## Task to carry out
Among the lines below, output only those between the line holding "Viral YouTube Shorts Tips 🚀" and the line holding "Hessisches Landesamt für", inclusive, exactly as written and with no pictures.
** Supplied data follows **
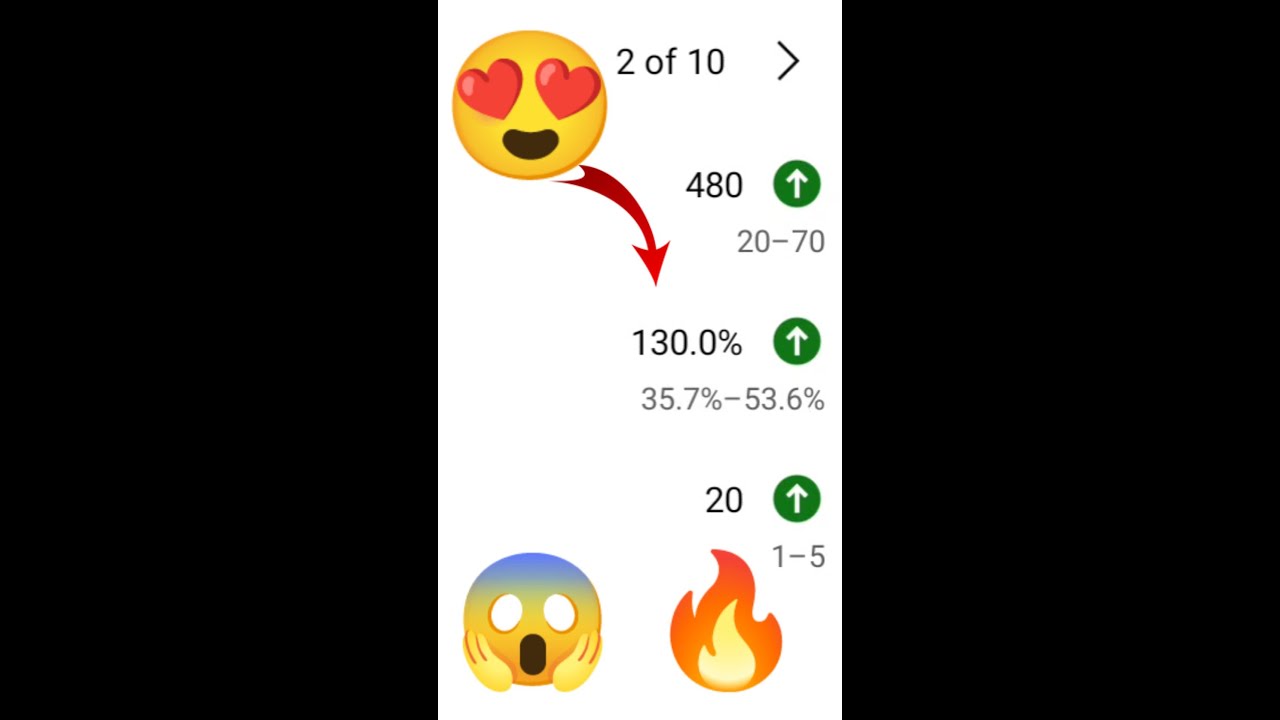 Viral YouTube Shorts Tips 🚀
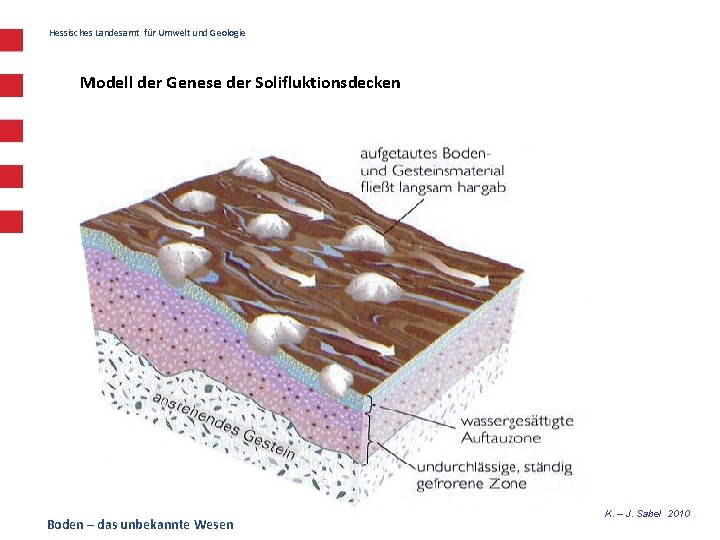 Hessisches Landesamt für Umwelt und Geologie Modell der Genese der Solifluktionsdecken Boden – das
** End of Supplied data **
** Supplied data follows **
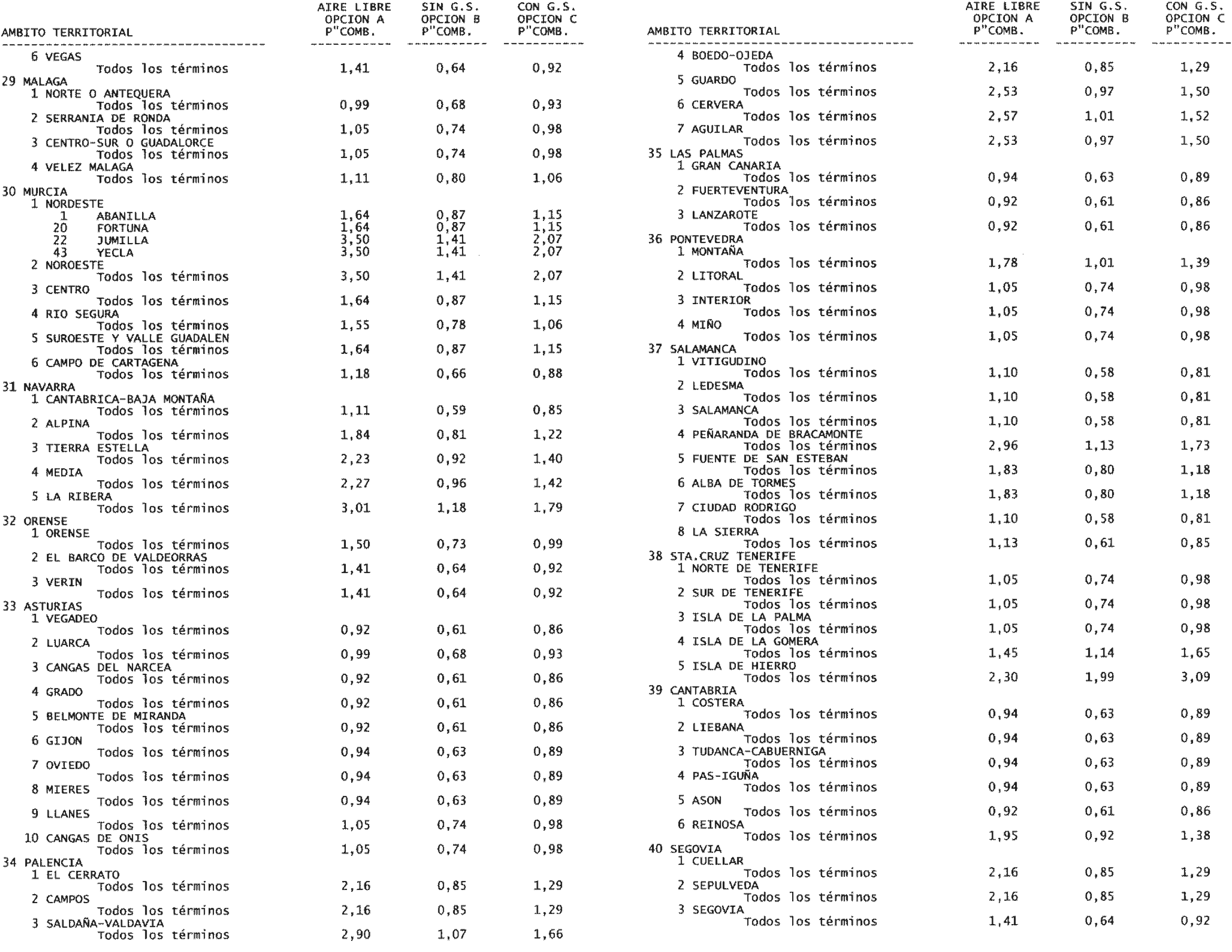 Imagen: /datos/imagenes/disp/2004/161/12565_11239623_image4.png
** End of Supplied data **
## Answer
 Viral YouTube Shorts Tips 🚀
 Hessisches Landesamt für Umwelt und Geologie Modell der Genese der Solifluktionsdecken Boden – das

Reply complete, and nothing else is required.